Maybe five years ago I admired a type of geranium I’d never seen before on the porch of a house where I was attending a yard sale. The woman, whom I didn’t know, gave me a cutting. In the course of the ensuing conversation, turns out she had gotten the plant from my friend Garrett.

In 1978 I moved to Utah with a jade plant start taken from my friend Kate’s plant, which I had originally given to her in 1972. The start became a plant and now, 38 years later, it is still going strong.

Here’s a really convoluted slip of a story: In the mid-’80s my friend Michaela gave me a piece of an interesting plant; we didn’t know what it was. It rooted and grew. After 25 years in the same pot and the same window, it was massive, spindly and very dusty; it had ceased to, in the words of Marie Kondo, “spark joy.” In 2015, Alice Toler identified it as an Epiphyllum pumilum, which, treated right, makes fragrant blossoms. She rescued and resuscitated it, making many more Epiphyllum pumilums, and last year gifted a healthy baby back to me.

While editing Ben Bombard’s “So You Want to Learn to Fish” (page 10), I recalled a memory from when I was maybe two: My dad was a fisherman, and the freezer always contained half-gallon wax milk cartons full of his catch. He cleaned the fish with a flat stick to which he’d nailed bottle caps, fluted side up. He’d say this little poem to me: Fishy fishy in the brook, Papa catch’em on the hook; Mama fry’em in the pan; Baby eat’em like a man. I thought it was the funniest thing. I looked up the words right now; the rhyme goes back at least to 1868, from a book Our Young Folks.
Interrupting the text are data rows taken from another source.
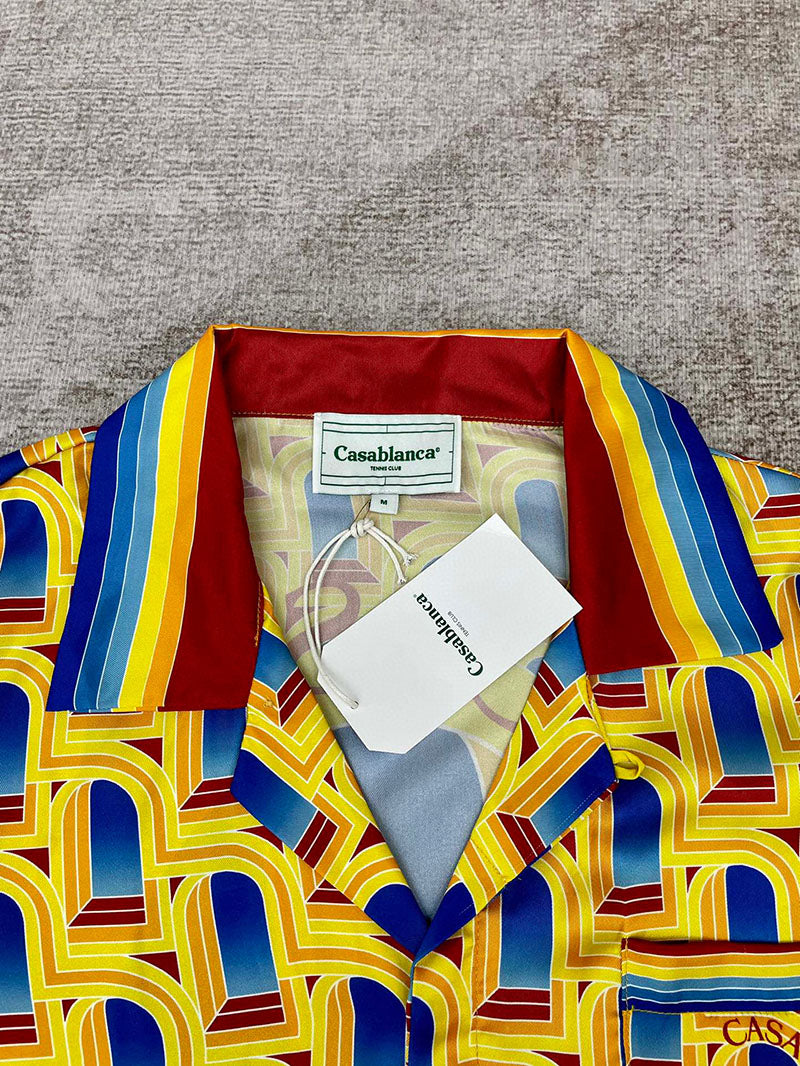 CASABLANCA L'Arche De Nuit Cuban Collar Silk Shirt Yellow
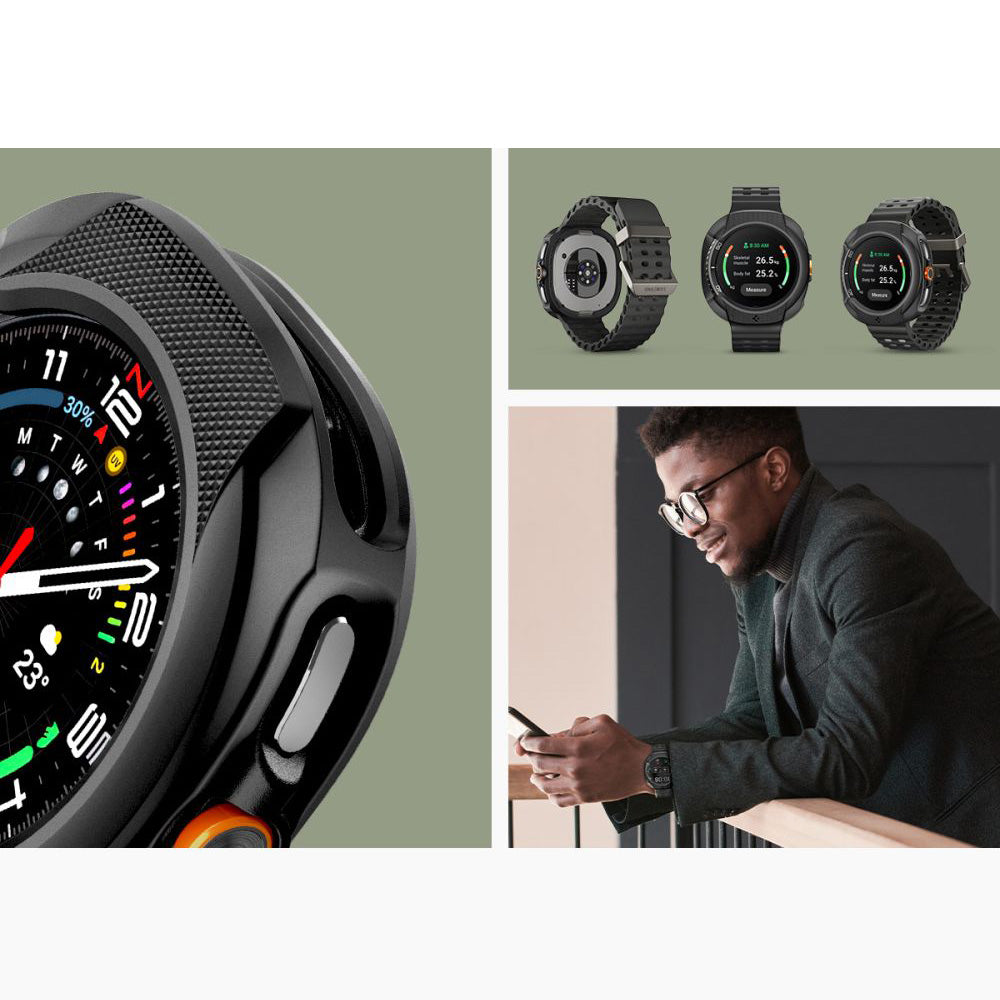 Hülle für Galaxy Watch 8 Classic 46 mm, Spigen Liquid Air, Schwarz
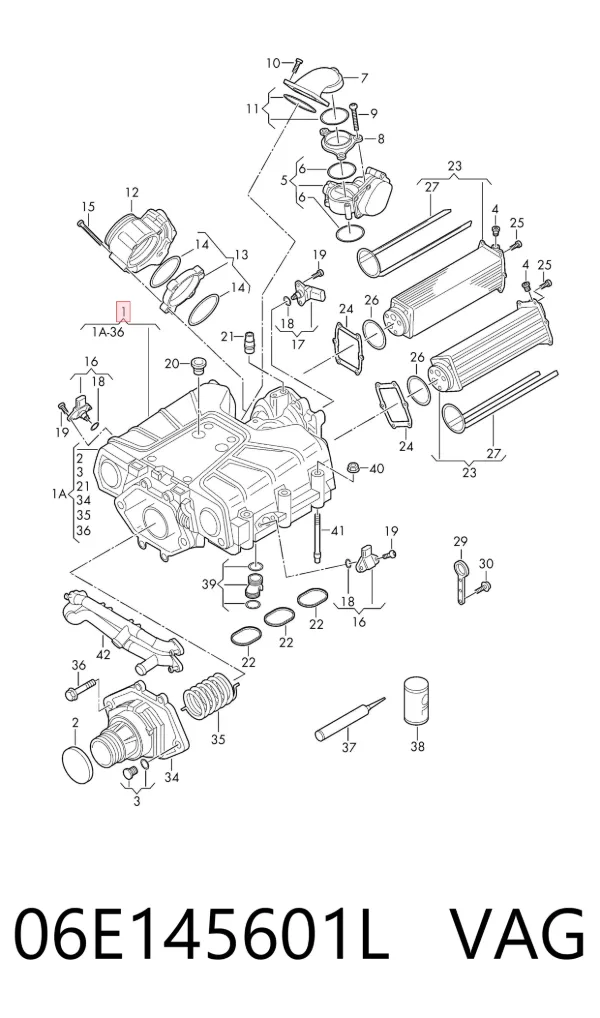 Compressor de supercompressão de ar de motor 06E145601L VAG
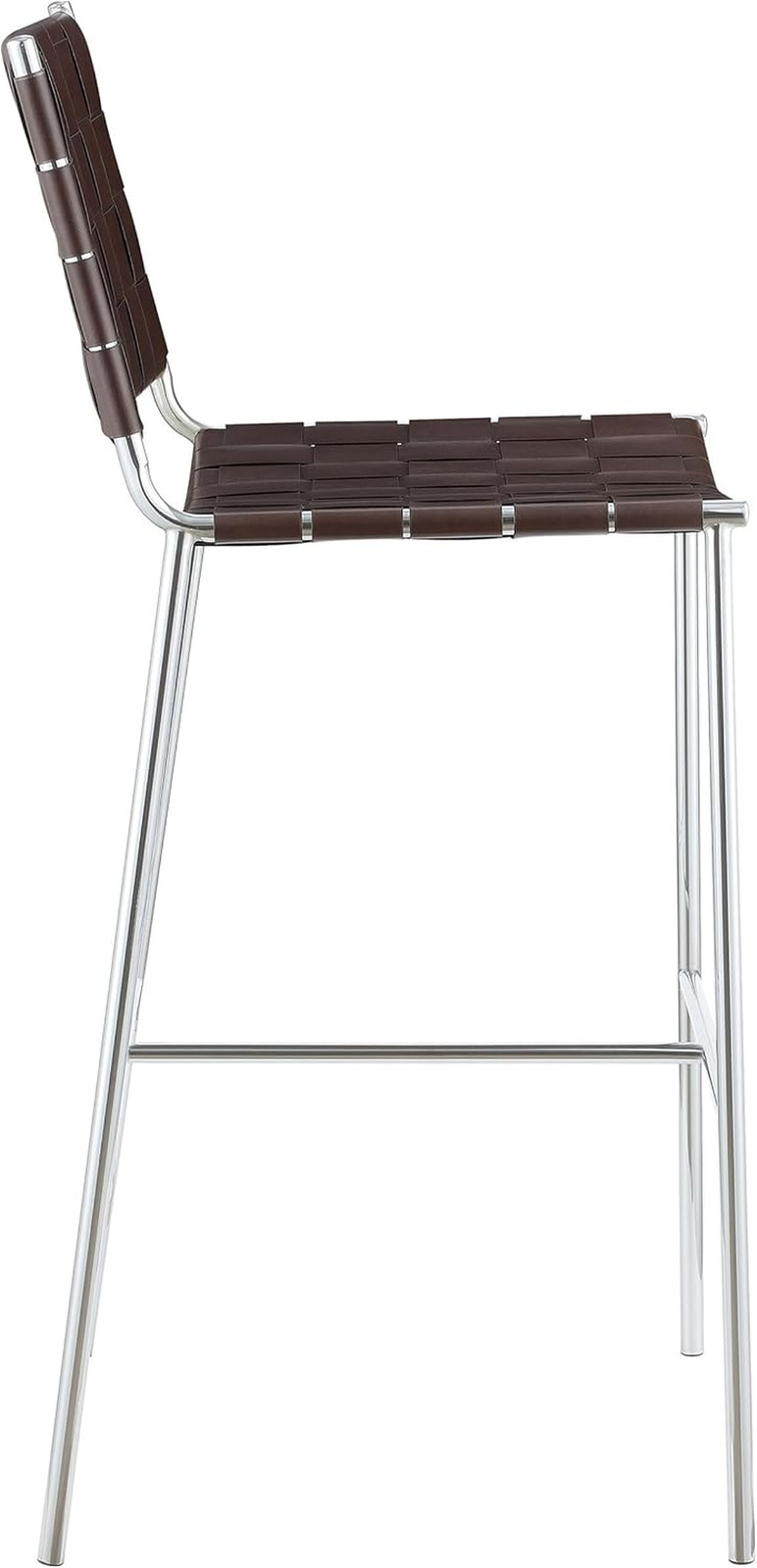 Adelaide Brown Upholstered Pub Height Bar Stool with Chrome Accents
At some point I must have cajoled Dad into taking me fishing because I viscerally understood Ben’s description of casting a rod and the sensation of reeling in a reluctant catch. I also have a vague recollection of positioning a nightcrawler onto a hook. That cured me of the urge to fish, and also paved the way to a future appreciation of vermiculture (composting with worms ).

Once, as an adult, I fished at dusk in some lake in the Uintas. It was a camping date. Mosquitoes ate us alive, but they also made the fish lively. We cooked our catch in foil. We’d forgotten the salt and pepper but had plenty of butter. Those small trout who had so recently given up the ghost were the most delicious thing ever.

Katherine Pioli profiles Brian Kelm and the upcoming blues festival: “Kelm at the Helm” (page 12). He mentions the Dead Goat Saloon, a notoriously great downtown basement bar from yesteryear, with real blues musicians. Brian regularly used to broadcast his KRCL “Red, White and Blues” show live from the Dead Goat. My friends and I would dance and dance, have a beer and dance some more.

One night there was a woman there, maybe 10 years older than me, going by her hair and makeup. Blue eyeshadow. And dance moves that were, um, a bit outdated. Feeling embarrassed for her, I made a mental note: Don’t become that woman.

I cringe with shame, remembering this. The truth, of course, is that secretly I worried I was becoming her. I would‘ve been more humble, had I been wiser.

She would be ancient now (when you’re 20, “ancient” means 30. When you’re 60, it’s 70.) But I hope I see her, blue lids and all, doing her silly ‘60s dance steps at the blues festival downtown this month. I’ll be right behind her, grinning my head off and dancing like it’s 1970-something.